SMILER CLI Example: Singleton Target Saliency

  1. Introduction
  2. SMILER Setup
  3. Experiment Setup
  4. Running the Experiment
  5. Results
  6. Concluding Remarks

Images and code to run this example can be downloaded from this GitHub repository.

Introduction

This is an example which showcases how to use SMILER's command line interface (CLI). Note that when MATLAB is available on a system the SMILER CLI can be used to support MATLAB-based models using the MATLAB engine for Python, but this example experiment is designed to use only non-MATLAB models to ensure access to those without an available license for MATLAB. For more information about installing and running the MATLAB engine for Python, see the official MATLAB documentation and the information provided in the SMILER readme.

Note that this exercise is designed purely as an example; the stimuli and experiment design have been selected to show an interesting use case for saliency models, but the size of the test is purposefully kept small to run in a reasonable amount of time. Any conclusions or judgements about algorithm performance are therefore tentative at best.

The focus of this example is on singleton search targets in psychophysical search arrays. Each search array contains a single unique target which contextually would be expected to be found to be more salient than other elements in the image. This experiment examines how this judgement of target salience changes with the type of feature defining the singleton: colour, shape, orientation, or size.

Colour
input image with a blue dot target and magenta dot distractors
Shape
input image with a circle target and square distractors
Orientation
input image with oriented lines with a singleton at a unique orientation
Size
input image with diamond shapes with a large target and small distractors

SMILER Setup

In order to run this example, you need to have SMILER set up on your system. Code for SMILER can be found on the project page on GitHub. Note that at this time the SMILER CLI is only supported for Linux operating systems, and has been tested under Ubuntu 18.04 and Ubuntu 16.04. If you want to get it working under a different operating system, you are encouraged to contribute any necessary changes to the project to increase support.

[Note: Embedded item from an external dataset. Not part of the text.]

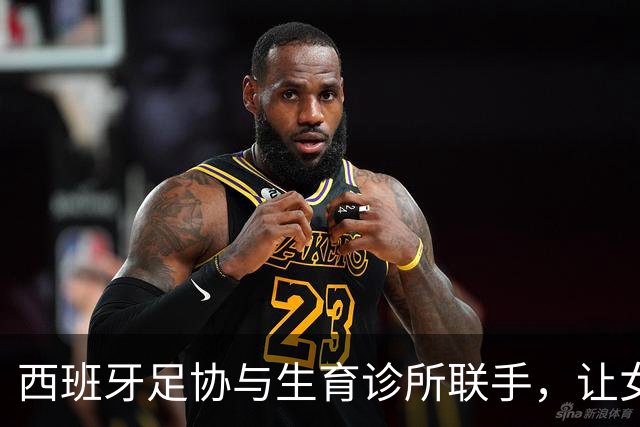 西班牙足协与生育诊所联手，让女足梦想不再受限！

If you are new to using Git, follow these instructions for checking out a Git repository on Linux. An alternative would be to download the repository as a zip file, but cloning the repository allows a user to keep their SMILER software up to date with any bug fixes or other code changes.

Once SMILER has been cloned or extracted, it is necessary to install its prerequisites. Information for doing so, as well as some helpful optional steps, can be found in the Installation section of the project readme.

Experiment Setup

Step 1.) Support code and stimuli images for this example can be obtained through the GitHub repository for example code.

(Optional) Step 2.) If you have configured SMILER to be part of your environment, you can check that it is available using the terminal command:

$ which smiler

If SMILER is correctly configured, you should receive as output the path to your local copy of the smiler executable. If not, SMILER can still be run by navigating to the containing folder and running SMILER from there.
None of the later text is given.